Effective noise reduction. The comparison between the images generated with and without pixel consistency and cycle consistency reveals the distinctive differences between the consistency losses in the image translation task. In particular, the proposed adaptive pixel consistency loss demonstrated superior performance in reducing the noise artifacts of the synthetic images. The effectiveness of the noise reduction is due to the strong connection enforced by the pixel consistency loss, which encourages the output image to be similar to the input image. Moreover, the adaptive setting of the pixel consistency loss addresses the problem of the diminished magnitude of the translated GGO features caused by the pixel consistency constraint. A possible explanation is that the conditional weight updates of the loss are based on the generator’s performance. The superior performance of the adaptive setting of the pixel consistency and its high effectiveness in reducing noise artifacts is also demonstrated on other GAN baselines.

4.2. Failure in Image Synthesis and Limitations

Based on the observation of the synthetic COVID-19 CT images generated by different GANs in the study, it is found that some CT images consistently failed to generate synthetic features of GGO compared to the majority portion of the chest CT images in the dataset. While it is hard to explain this ambiguous response of the GANs towards a subset of input distributions, a conditional mode collapse caused by the input distribution gap would explain the outlined scenario. As such, training with more samples with diversified visual descriptors of the chest CT can reduce the impact of the conditional mode collapse, which reduces the probability of synthetization failure. Nonetheless, the number of failure translations identified in the test set based on the observation was small, and such failure only happened on a small group of images with unique shapes and patterns.
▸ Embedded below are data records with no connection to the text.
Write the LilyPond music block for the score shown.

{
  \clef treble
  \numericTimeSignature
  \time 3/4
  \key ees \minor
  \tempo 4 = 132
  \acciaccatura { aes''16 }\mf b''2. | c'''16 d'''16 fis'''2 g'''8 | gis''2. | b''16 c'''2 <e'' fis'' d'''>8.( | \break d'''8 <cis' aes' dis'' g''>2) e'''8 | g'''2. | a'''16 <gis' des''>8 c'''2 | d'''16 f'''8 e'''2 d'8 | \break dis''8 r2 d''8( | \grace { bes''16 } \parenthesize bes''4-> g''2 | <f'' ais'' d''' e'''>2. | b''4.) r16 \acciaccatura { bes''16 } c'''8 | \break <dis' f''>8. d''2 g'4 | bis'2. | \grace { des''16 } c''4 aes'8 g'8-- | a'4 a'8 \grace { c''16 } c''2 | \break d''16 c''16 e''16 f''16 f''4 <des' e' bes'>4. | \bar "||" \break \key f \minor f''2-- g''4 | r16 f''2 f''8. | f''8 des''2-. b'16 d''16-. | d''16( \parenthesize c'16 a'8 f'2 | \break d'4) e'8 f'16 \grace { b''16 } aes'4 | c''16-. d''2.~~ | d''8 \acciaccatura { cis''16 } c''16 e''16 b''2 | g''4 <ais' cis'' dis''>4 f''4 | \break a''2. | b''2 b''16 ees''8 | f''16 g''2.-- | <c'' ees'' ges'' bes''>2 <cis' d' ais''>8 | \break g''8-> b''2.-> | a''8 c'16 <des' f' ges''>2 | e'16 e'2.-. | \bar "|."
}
In addition, it is also impossible to generate any targeted output instance in the problem setting of unpaired I2I translation, including the exact size, location, pattern, density, and color components of the feature of interest. In other words, the sRD-GAN depends neither on predefined conditions nor auxiliary conditions in training and inference modes, which essentially preserve the stochastic properties of conventional unpaired image translation approaches. For this reason, there is no guarantee that only patterns of GGO are generated in the synthetic images; other irrelevant features, such as the noise artifacts, can possibly be generated along with the GGO features. However, this issue can be controversial since the other features are regarded as noises, and could be leveraged to improve the robustness of the diagnostic models when the synthetic images are used to supplement the training activities.
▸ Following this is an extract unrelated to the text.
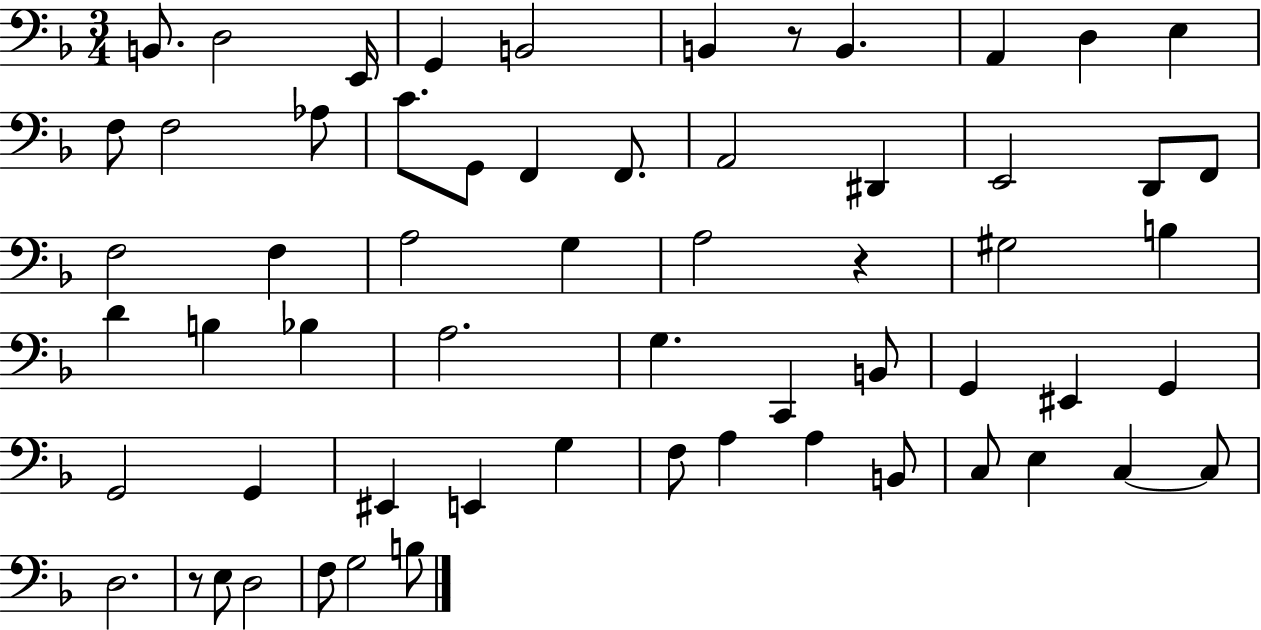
B2/e. D3/h E2/s G2/q B2/h B2/q R/e B2/q. A2/q D3/q E3/q F3/e F3/h Ab3/e C4/e. G2/e F2/q F2/e. A2/h D#2/q E2/h D2/e F2/e F3/h F3/q A3/h G3/q A3/h R/q G#3/h B3/q D4/q B3/q Bb3/q A3/h. G3/q. C2/q B2/e G2/q EIS2/q G2/q G2/h G2/q EIS2/q E2/q G3/q F3/e A3/q A3/q B2/e C3/e E3/q C3/q C3/e D3/h. R/e E3/e D3/h F3/e G3/h B3/e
While the image translation problem of non-COVID-19-to-COVID-19 assumes a shared content latent space that overlaps the large portion of the invariant features of the images belonging to both image domains describing the geometrical structures of the chest CT images, the instance diversity facilitated by the sRD mechanism is only limited to fine-grained feature transfer, which only involves synthesization of small and detailed features. Therefore, adapting the proposed method in other applications that require a large magnitude of perceptual differences needs further investigation.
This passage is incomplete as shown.